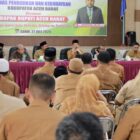 Bupati Aceh Barat Tarmizi memimpin Rapat Koordinasi Teknis Dinas Pendidikan dan Kebudayaan Kabupaten Aceh Barat di Aula Gedung B Disdikbud, Meulaboh, guna memperkuat arah pembangunan pendidikan menuju kualitas terbaik di Aceh, Senin (27/7/2026). Foto: Dok. Pemkab Aceh Barat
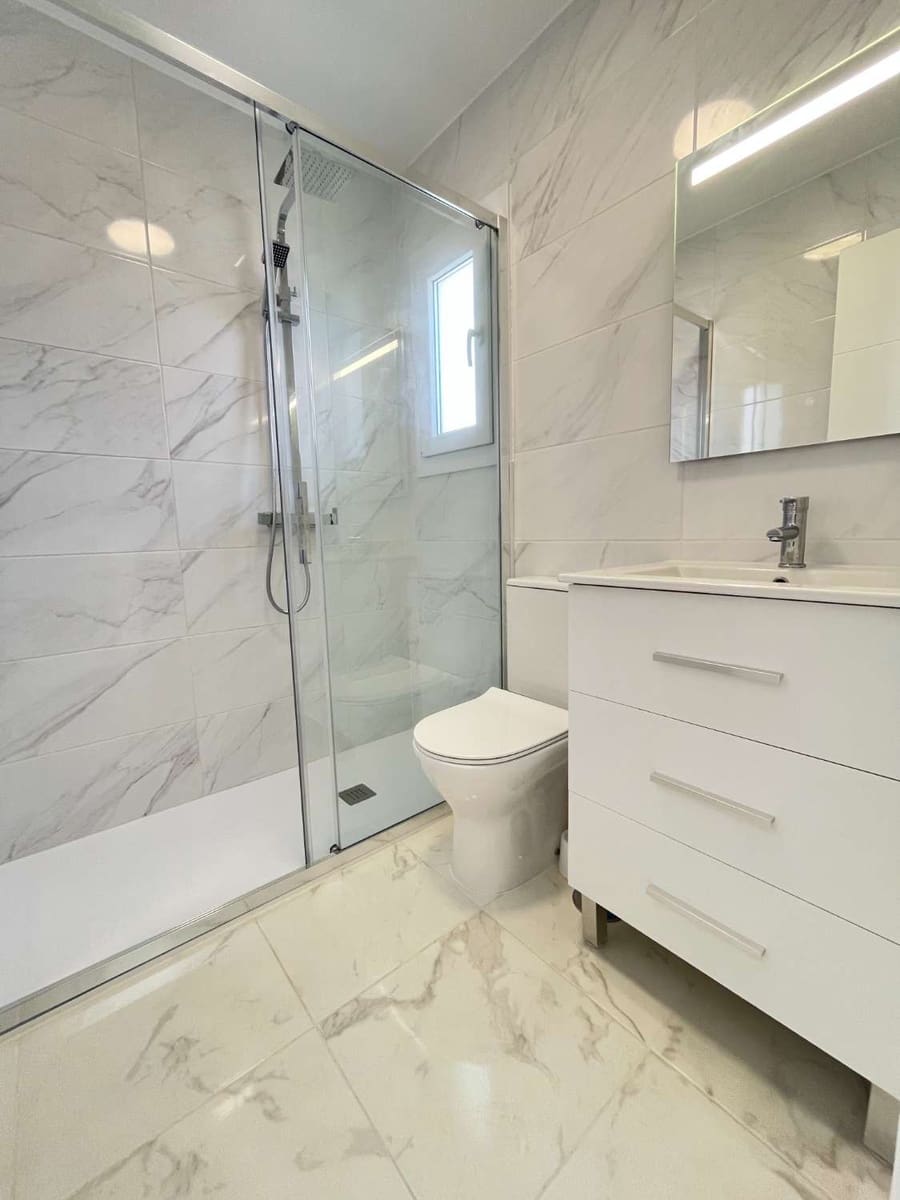 3 soveværelse Semi-Rækkehus til salg i Torrevieja med swimmingpool - € 229.000 (Ref: 9251882)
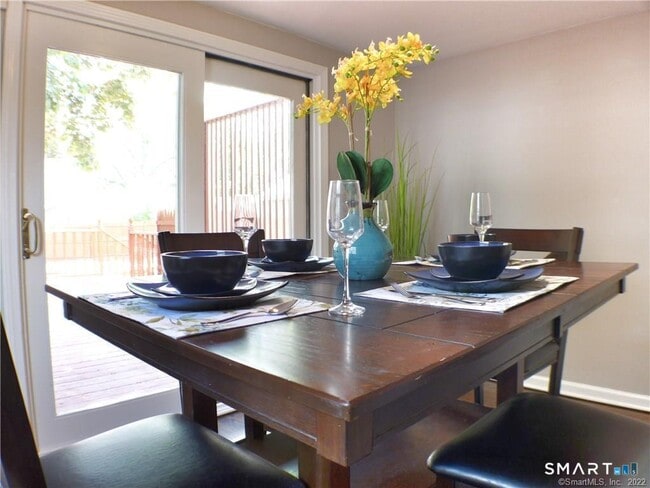 Building Photo - 70 Whitney Rd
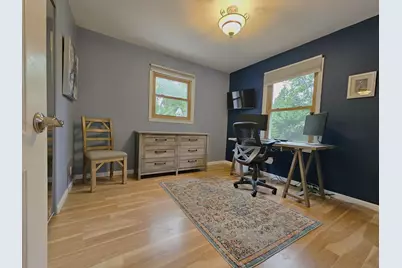 850 E Ellsworth Ln, Bayside, WI 53217 - Photo 59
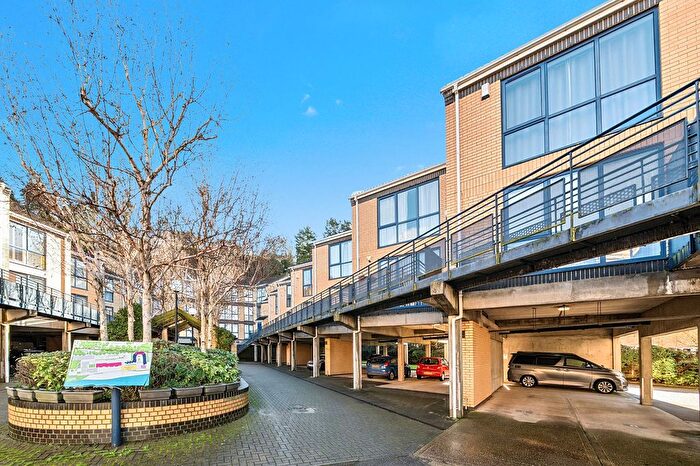 2 Bedroom Flat For Sale In Valetta Way, Rochester, Kent., ME1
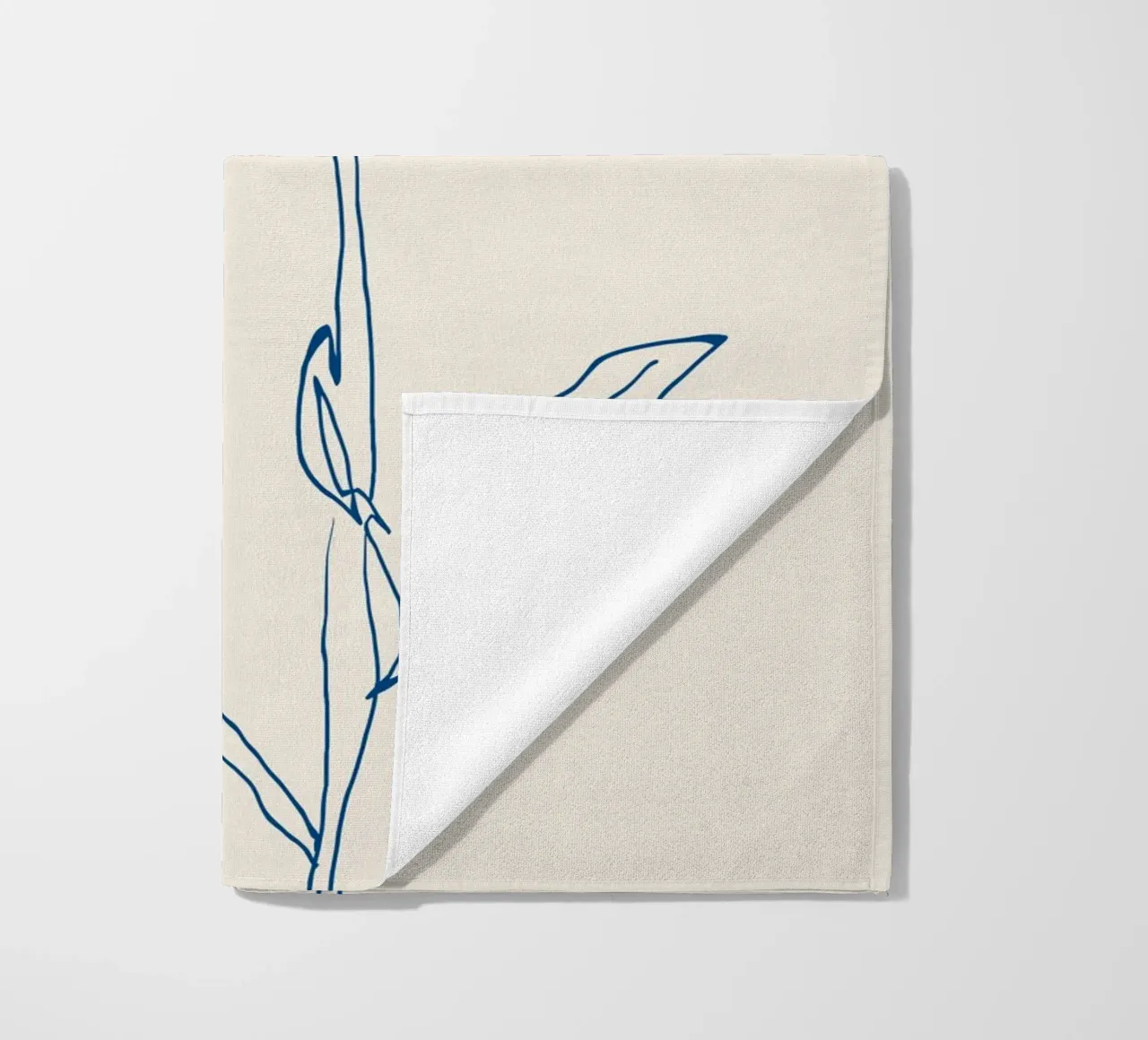 Dessin au trait de fleurs 11 serviette de plage de LeaDArt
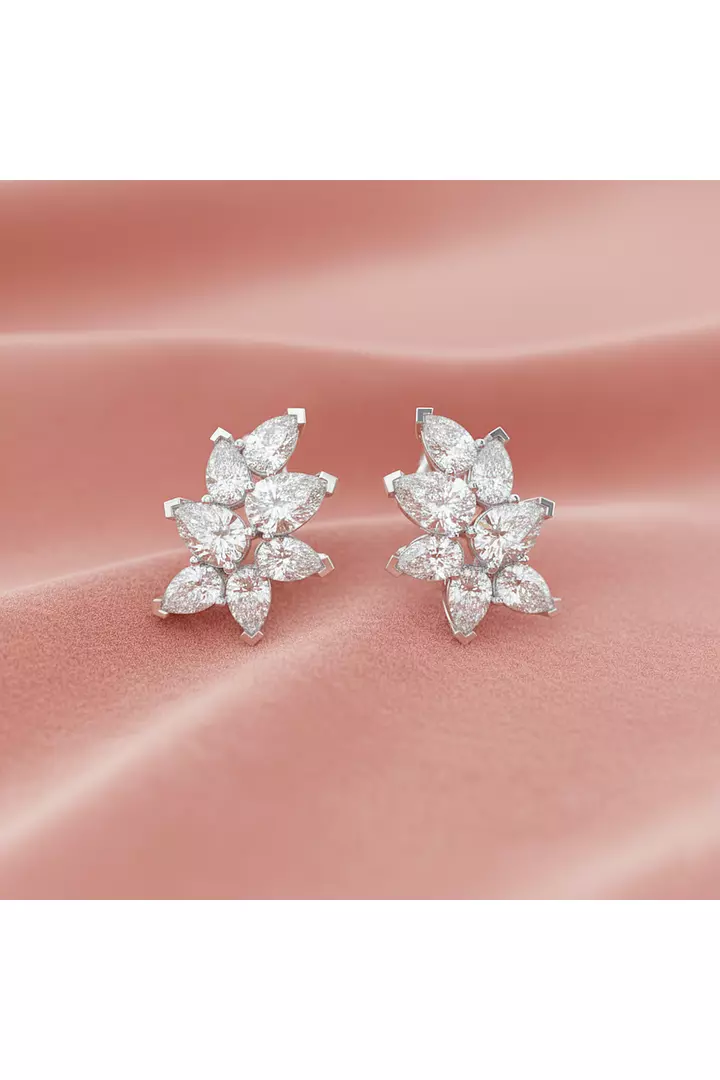 Evelisse Pear Shape Eco Diamonds Cluster Earrings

Your task: Beginning with the line that contains "2 Bedroom Flat" and ending with the last line of the data, transcribe each line exactly; pictures stay out.

Answer to this task:
 2 Bedroom Flat For Sale In Valetta Way, Rochester, Kent., ME1
 Dessin au trait de fleurs 11 serviette de plage de LeaDArt
 Evelisse Pear Shape Eco Diamonds Cluster Earrings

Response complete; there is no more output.